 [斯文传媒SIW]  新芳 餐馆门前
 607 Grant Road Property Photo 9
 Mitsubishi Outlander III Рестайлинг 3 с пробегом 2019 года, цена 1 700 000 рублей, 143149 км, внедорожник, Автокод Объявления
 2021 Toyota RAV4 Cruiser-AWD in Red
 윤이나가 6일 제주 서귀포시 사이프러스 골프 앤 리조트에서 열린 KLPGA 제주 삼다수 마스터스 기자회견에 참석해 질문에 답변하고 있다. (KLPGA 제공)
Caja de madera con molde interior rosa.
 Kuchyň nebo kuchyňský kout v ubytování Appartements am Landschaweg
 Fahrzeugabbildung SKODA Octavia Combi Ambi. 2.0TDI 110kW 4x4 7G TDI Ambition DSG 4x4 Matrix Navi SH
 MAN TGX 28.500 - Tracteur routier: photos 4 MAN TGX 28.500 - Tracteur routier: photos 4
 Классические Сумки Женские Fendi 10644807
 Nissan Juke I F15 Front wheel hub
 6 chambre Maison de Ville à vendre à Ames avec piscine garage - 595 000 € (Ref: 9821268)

**YOUR INSTRUCTIONS:** Print every record above exactly as it stands.

**ANSWER BELOW:**
 [斯文传媒SIW]  新芳 餐馆门前
 607 Grant Road Property Photo 9
 Mitsubishi Outlander III Рестайлинг 3 с пробегом 2019 года, цена 1 700 000 рублей, 143149 км, внедорожник, Автокод Объявления
 2021 Toyota RAV4 Cruiser-AWD in Red
 윤이나가 6일 제주 서귀포시 사이프러스 골프 앤 리조트에서 열린 KLPGA 제주 삼다수 마스터스 기자회견에 참석해 질문에 답변하고 있다. (KLPGA 제공)
Caja de madera con molde interior rosa.
 Kuchyň nebo kuchyňský kout v ubytování Appartements am Landschaweg
 Fahrzeugabbildung SKODA Octavia Combi Ambi. 2.0TDI 110kW 4x4 7G TDI Ambition DSG 4x4 Matrix Navi SH
 MAN TGX 28.500 - Tracteur routier: photos 4 MAN TGX 28.500 - Tracteur routier: photos 4
 Классические Сумки Женские Fendi 10644807
 Nissan Juke I F15 Front wheel hub
 6 chambre Maison de Ville à vendre à Ames avec piscine garage - 595 000 € (Ref: 9821268)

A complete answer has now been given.